Digital interactions are already happening in the store; the problem is that most of those interactions are fragmented and not coordinated across internal departments. If a shopper in your store pulls out their phone to search (i.e. Amazon) for a product, guess who gets the of data attached to that interaction, who gets the opportunity to serve retargeted advertising to that shopper? Not the retailer, which should fight for the opportunity to win that sale.

We see two main factors that will drive retailers to build out In-Store Remarketing programs:

E-commerce Methodologies Will Drive A New Framework For Store Performance

E-commerce is a science and extremely data-driven. The amount of intent data created online has allowed retailers to see incredible amounts of data and drill down into specific cohorts based on any set of criteria.

In the store, however, very little data is collected through the shopper’s time in the store. Perhaps a shopper shares their email at checkout, but that is only after they’ve made a purchase. What happens to the intent data of shoppers leading up to that purchase, or even worse, if they don’t make that purchase? Retailers have to get smart about how they are collecting data throughout the store experience and how to effectively implement to support that strategy.

We know there are at least a few in-store engagement metrics that correlate with digital measurements already in place, and that’s only bound to expand as digital continues to infiltrate our shopping habits. Retail stores must become as data-driven and scientific as their e-commerce brethren; they must live up to new standards of measurement. Very few retailers have mastered the digital to physical gap, and

There Will Be A Push For Higher Quality Digital Content

Great digital content goes beyond product information, reviews, and recommendations. Each one has their benefits, but since shoppers have all of the standard information at their fingertips, what will retailers need to do to win the attention and wallet of their shoppers? Creating more in-depth digital content is a major key in the retail evolution, as shoppers want to feel connected to the brand and make them feel welcome. This can include curated shopping lists or collections, social media integrations, style suggestions to complete an outfit, or loyalty offers to keep customers coming back to the store.

Providing content also provides opportunities for personalization/1:1 Marketing.

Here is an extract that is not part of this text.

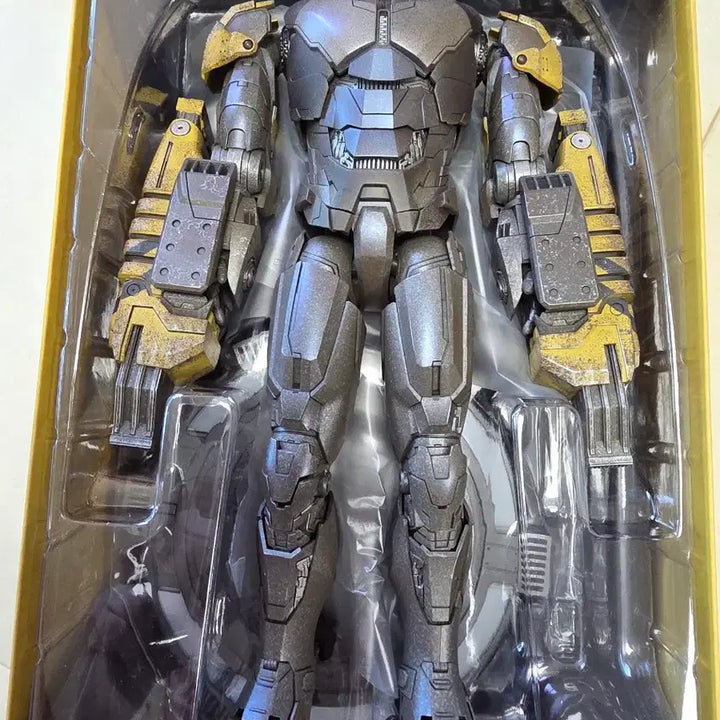 [BUNJANG] Hot Toys Iron Man Striker MMS277 Figure / 핫토이 아이언맨 스트라이커 MMS277 피규어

When retailers are able to understand more about their shoppers—which they will when they implement deeper data collection methods—they will be able to share content that is relevant to shoppers’ wants, needs, interests, preference, habits, location, mood.

In their 2015 report on Digital Transformation In The Age Of The Customer, Accenture noted that today’s shoppers are inundated by endless sources of information. “Customers expect ready access to content that is personally relevant in the context of what they are doing and accessible anytime, anywhere, and in the format and on the device of their choosing. Attracting, winning, and retaining customers in this environment requires a concerted effort from across the business.”

It’s all about finding the right data to make the best decisions. With more data-collection opportunities and more content to feed their analytics, retailers will be able to remarket to shoppers at any point along their journey. New visions will put them at the top of their game and they’ll be able to fundamentally reinvent what it means to shop in a store.